Anyone who has seen the film, About a Boy (2002), will recognize how these two statements chart Will’s growth of character from the first scene alone in his home to the final scene in the same home surrounded by people who have now become an integral part of his life.
But, what drives Will (Hugh Grant) to abandon his lone island existence and form an attachment to an island chain?
In one sense Will answers this question himself when he says at the beginning of the movie, “the sad fact is that, like any island dweller, from time to time I had to visit the mainland.”

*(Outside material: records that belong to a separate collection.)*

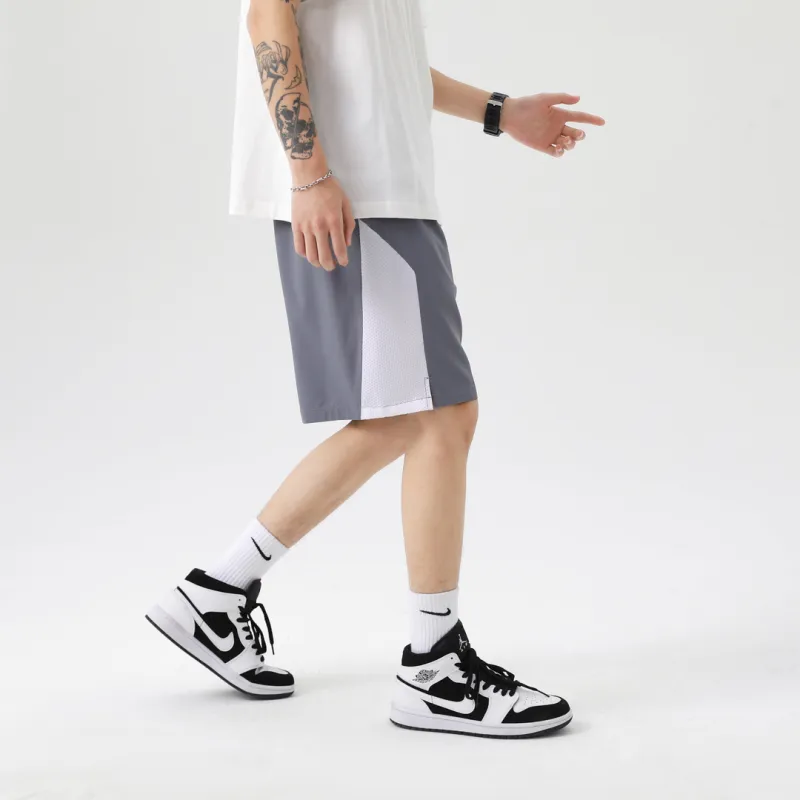 SandKnit Casual Shorts Men-10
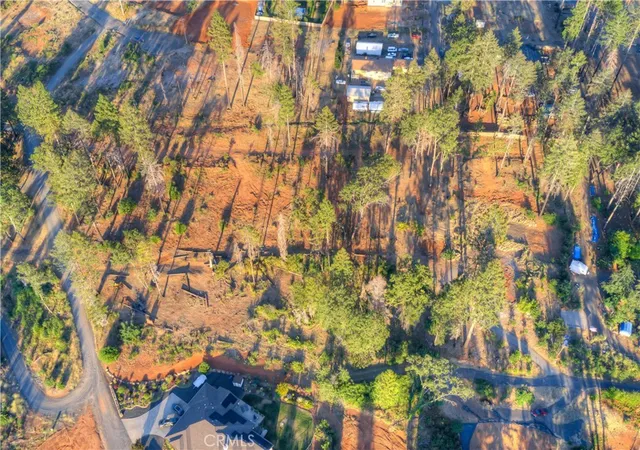 Photo 2 of Land for sale at 6936 Quail, Paradise, CA 95969 | MLS# SN26105719 | Listing updated on 2026-05-22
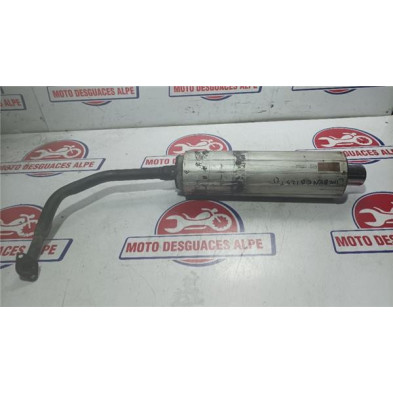 Escape LINGBEN LB125T-21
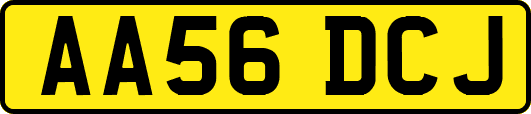 AA56DCJ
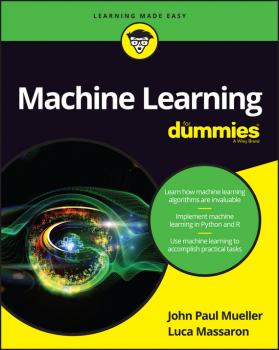 Читать Machine Learning For Dummies - Luca  Massaron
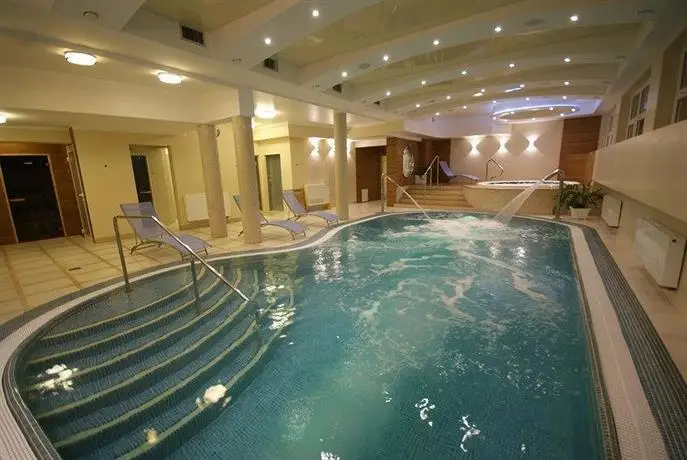 Hotel Knieja Spa&Wellness 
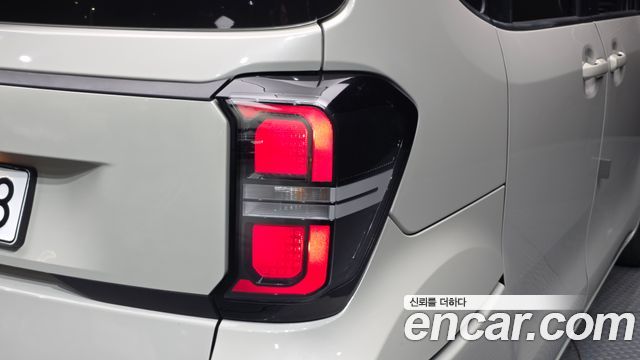 Kia RAY 2024 — photo 9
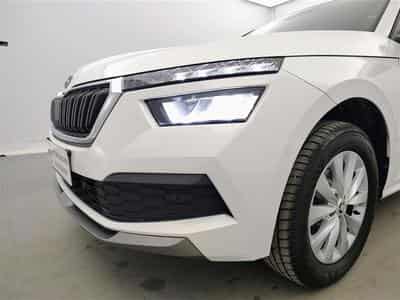 Skoda Kamiq 1.0 TSI Ambition CARPLAY / FULL LED / CAMERA / JA 16" (2022) - Photo 15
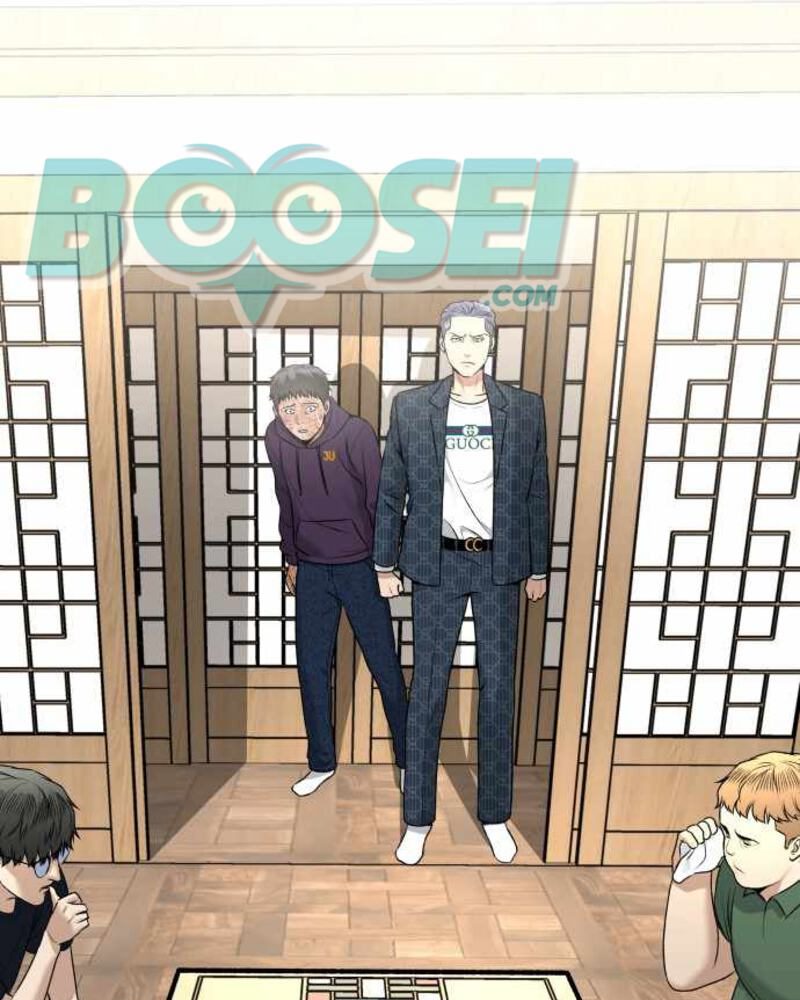 Alternate Life Chapter 03 Gambar 171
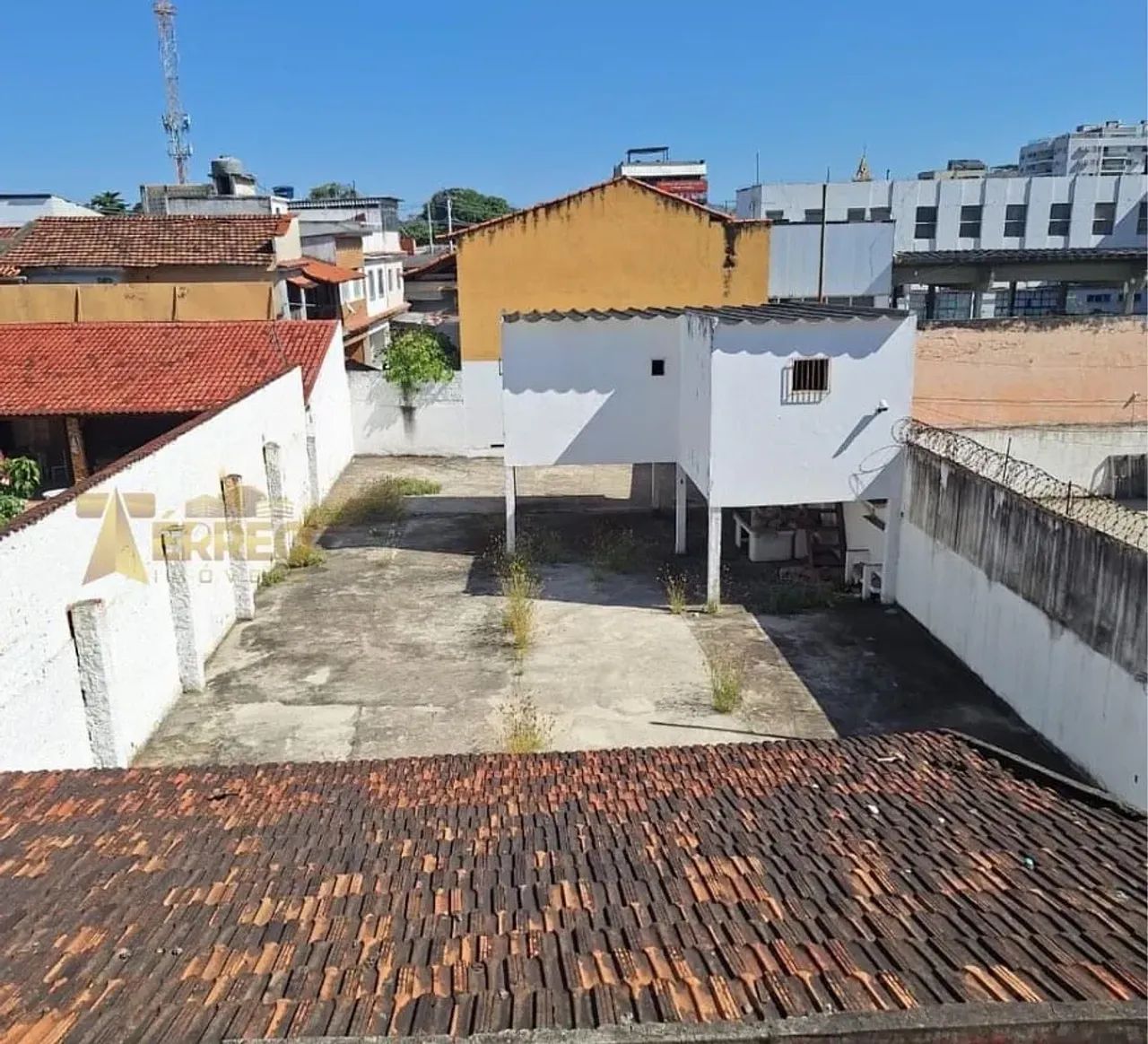 Lojão próximo ao mercado assai de Campo Grande bem próximo ao centro - Foto 4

Will’s interaction with people during these forays to the ‘mainland’ result, as human experience does, in knowledge. We learn, as the characters in our books do, about ourselves and each other, and these experiences shape future action.
Experiential Learning views learning as a process “whereby knowledge is created through the transformation of experience.” (Kolb, p.38) This process, divided into four major learning styles, is cyclical in nature and displays different strengths, which “resembles the natural learning progression-from the Why? to the What? the How? and then finally the If?” (Teaching & Learning Styles, p. 40) Although each quadrant in the model describes a learning style, proponents of experiential learning tout the “sequence of learning [the] model encompasses.” (McCarthy, 47) In other words, although we may prefer one style over the others, all of us gain knowledge by moving “through this progression [of] four major ingredients.” (McCarthy, p. 47)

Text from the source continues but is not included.